We know that it is thanks to errors in the replication of the DNA molecule that give rise to “mutations” which over time add up to evolutionary change or “descent with modification.” Here’s the rub: if the DNA molecule had been completely perfect with no capacity for error, evolution would not have been able to occur. In other words, according to Dr. Thomas, if human scientists had designed the DNA molecule, what we regard as one of its most vital aspects would have been seen as an egregious error. How can you not love this quote:
Imagine the consternation of human scientists successfully engaged in the letter-perfect replication of prokaryotes, nonnucleated cells like bacteria, when nucleated cells suddenly turn up. Think of the agitated commissions assembled to explain the scandalous proliferation of trilobites all over the place, the mass firings, the withdrawal of tenure.
As human beings, as businesspeople, as marketers—as whatever it is we are—we are no strangers to errors or mistakes, and I was reminded of the Thomas essay after reading
an interview on CNN Money with Yale University School of Management’s Jeffrey Sonnenfeld who has become something of an expert on failure. Or, that is, how businesspeople fail, then rebound and ultimately achieve success, and the lessons learned during the “down time” ultimately lead to the “up time.”
Does failure - or beating back failure - make you a better person?
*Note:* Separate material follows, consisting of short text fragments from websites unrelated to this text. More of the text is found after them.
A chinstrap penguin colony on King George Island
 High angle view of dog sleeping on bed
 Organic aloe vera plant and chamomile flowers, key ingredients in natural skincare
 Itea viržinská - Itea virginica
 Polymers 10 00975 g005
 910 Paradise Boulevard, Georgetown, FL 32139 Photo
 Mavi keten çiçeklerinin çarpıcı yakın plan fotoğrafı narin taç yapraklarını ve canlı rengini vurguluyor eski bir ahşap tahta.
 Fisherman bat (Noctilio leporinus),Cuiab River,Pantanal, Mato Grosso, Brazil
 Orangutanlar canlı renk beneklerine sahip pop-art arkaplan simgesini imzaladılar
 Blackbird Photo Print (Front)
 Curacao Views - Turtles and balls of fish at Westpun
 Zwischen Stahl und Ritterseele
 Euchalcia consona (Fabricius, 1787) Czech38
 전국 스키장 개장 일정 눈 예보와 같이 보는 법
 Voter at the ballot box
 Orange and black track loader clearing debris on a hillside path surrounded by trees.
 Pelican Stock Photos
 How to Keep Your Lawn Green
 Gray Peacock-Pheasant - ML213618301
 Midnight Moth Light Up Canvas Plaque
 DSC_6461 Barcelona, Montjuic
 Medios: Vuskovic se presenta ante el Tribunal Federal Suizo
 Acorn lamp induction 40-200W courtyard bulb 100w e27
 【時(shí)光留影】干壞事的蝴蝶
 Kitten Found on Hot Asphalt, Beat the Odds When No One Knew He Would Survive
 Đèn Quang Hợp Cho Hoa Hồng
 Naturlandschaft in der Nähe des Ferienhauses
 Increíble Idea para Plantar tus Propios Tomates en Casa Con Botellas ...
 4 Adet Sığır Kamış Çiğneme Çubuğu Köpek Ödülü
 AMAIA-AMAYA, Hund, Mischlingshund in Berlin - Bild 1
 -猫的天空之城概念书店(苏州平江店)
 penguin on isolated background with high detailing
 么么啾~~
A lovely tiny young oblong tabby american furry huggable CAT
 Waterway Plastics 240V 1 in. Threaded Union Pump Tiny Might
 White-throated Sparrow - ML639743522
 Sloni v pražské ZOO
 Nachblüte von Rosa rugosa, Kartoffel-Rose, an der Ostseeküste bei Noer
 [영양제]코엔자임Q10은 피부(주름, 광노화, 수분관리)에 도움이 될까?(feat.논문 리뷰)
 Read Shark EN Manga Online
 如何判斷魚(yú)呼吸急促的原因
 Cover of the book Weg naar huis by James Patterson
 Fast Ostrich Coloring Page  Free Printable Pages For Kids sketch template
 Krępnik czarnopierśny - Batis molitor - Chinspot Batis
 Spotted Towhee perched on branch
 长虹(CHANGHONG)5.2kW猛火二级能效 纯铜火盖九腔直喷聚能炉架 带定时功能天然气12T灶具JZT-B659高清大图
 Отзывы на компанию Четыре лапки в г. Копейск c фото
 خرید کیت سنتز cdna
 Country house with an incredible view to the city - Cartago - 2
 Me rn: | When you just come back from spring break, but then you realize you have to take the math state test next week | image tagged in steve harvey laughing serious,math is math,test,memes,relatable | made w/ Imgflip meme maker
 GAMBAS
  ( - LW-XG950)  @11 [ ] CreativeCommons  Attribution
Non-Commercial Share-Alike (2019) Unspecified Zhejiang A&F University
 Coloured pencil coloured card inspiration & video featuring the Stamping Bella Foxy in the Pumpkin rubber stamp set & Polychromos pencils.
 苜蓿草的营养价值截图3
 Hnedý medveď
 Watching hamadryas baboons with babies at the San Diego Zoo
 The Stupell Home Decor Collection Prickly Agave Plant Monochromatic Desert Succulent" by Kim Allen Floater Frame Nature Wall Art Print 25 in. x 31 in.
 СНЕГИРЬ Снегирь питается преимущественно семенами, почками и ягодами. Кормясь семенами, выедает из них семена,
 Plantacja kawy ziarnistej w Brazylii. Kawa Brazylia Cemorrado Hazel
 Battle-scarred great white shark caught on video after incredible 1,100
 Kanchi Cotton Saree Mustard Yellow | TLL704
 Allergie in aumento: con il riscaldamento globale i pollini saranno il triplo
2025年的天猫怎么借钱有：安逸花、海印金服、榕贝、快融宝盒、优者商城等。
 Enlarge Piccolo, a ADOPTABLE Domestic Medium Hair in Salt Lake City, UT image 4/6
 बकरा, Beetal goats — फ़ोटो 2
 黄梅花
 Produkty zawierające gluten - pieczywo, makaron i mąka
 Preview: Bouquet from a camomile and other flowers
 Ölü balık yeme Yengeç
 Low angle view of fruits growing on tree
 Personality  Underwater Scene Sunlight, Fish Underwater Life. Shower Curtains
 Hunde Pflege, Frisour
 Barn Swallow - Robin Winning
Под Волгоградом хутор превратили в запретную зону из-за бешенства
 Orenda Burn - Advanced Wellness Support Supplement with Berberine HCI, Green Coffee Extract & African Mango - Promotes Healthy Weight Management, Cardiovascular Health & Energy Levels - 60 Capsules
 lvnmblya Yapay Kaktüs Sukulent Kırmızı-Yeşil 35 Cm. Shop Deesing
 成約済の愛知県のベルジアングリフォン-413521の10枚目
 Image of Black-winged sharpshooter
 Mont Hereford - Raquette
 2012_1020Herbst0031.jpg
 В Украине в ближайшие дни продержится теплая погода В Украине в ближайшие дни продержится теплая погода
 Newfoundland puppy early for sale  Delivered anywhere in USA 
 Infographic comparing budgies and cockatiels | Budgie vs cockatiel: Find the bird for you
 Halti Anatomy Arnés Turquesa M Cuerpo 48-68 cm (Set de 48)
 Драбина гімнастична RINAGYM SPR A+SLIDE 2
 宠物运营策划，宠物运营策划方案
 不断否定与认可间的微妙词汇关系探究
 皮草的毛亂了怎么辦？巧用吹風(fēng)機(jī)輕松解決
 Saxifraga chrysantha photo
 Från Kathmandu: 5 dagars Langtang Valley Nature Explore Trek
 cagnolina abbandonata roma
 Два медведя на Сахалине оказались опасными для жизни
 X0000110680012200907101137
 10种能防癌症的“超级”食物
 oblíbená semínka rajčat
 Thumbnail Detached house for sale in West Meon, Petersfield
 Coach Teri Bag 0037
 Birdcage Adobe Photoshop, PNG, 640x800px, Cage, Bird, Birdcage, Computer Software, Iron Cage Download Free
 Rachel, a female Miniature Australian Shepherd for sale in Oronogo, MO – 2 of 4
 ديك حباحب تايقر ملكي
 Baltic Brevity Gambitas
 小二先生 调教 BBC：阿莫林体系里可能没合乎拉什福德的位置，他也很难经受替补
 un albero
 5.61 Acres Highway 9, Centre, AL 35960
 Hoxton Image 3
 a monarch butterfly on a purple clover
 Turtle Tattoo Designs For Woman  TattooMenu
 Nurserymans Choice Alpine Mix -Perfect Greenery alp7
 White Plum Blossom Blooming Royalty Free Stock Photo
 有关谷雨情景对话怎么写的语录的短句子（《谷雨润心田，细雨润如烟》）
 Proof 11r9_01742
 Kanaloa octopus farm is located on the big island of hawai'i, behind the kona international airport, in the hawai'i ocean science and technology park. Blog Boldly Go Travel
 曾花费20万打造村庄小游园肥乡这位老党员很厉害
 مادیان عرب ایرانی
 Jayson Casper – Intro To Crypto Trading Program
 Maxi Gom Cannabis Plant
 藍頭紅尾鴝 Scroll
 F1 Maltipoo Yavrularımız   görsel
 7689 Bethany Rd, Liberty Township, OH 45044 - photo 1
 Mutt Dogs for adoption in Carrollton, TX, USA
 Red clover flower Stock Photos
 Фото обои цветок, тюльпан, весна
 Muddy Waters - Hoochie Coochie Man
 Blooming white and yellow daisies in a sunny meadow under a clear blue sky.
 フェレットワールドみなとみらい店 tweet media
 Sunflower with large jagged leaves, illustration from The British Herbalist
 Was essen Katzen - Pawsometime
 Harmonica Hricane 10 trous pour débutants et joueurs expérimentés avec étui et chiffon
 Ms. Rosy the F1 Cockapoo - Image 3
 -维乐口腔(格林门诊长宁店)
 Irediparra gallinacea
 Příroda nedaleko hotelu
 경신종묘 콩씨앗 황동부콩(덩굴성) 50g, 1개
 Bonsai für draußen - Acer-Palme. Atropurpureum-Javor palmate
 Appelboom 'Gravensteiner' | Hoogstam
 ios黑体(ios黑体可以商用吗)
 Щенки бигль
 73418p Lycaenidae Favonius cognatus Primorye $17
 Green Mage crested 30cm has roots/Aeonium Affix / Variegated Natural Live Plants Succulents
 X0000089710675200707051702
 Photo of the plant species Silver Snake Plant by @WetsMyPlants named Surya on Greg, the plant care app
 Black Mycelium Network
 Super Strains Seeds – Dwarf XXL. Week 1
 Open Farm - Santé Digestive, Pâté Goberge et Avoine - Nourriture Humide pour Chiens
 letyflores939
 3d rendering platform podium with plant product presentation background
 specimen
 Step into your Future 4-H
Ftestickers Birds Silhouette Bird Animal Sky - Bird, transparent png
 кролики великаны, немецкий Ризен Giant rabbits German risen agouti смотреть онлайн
It makes a hero. Joseph Campbell wrote about this. The hero has certain consistent qualities in every culture: a common touch, a call to greatness, a critical trial and a setback. Failure punctuates truly great leaders. They aren’t great until they’ve failed. Failure is the crucible, the test. They deal with it, and their confidence and capabilities are enhanced.
Think of it as akin to the Nietzschean quote, “That which doesn’t kill us makes us stronger.” How we handle failure ultimately has the potential to let us rebound.
What else do successful rebounders do?
They create a new purpose. Many people think that prominent people rebound because they're wealthy and have access to resources and great connections - or luck. No, it’s the conscious choices they make.
So instead of being stigmatized by failing, we should be emboldened (or “embiggened,” to quote Jebediah Springfield) by it. Or as Elvis Costello once sang, “It was a fine idea at the time now it’s a brilliant mistake.” And the word ”error” itself is derived from an older root word meaning “to wander about, looking for something,” which strikes me as more than a little appropriate.
As marketers, we are in a perilous time, where success requires a great deal of “thinking outside the box” (or actually denying that the box exists at all) and trying new things. Many of us are scared of trying new things and of engaging in the type of experimentation that is needed, lest we fail. But I would argue that we would learn more from a failed marketing program than a successful one. (Naturally, if I had my druthers, I’d opt for the successful one...) But by learning from our mistakes, we are better able—ideally—to see where we went wrong, and “rebound.”
Not that we should set out to fail (except maybe in a
Producers kind of way), but I think need to evolve a business climate that doesn’t treat it as a stigma. Rather, it should be a badge of honor. After all, errors are how we evolve.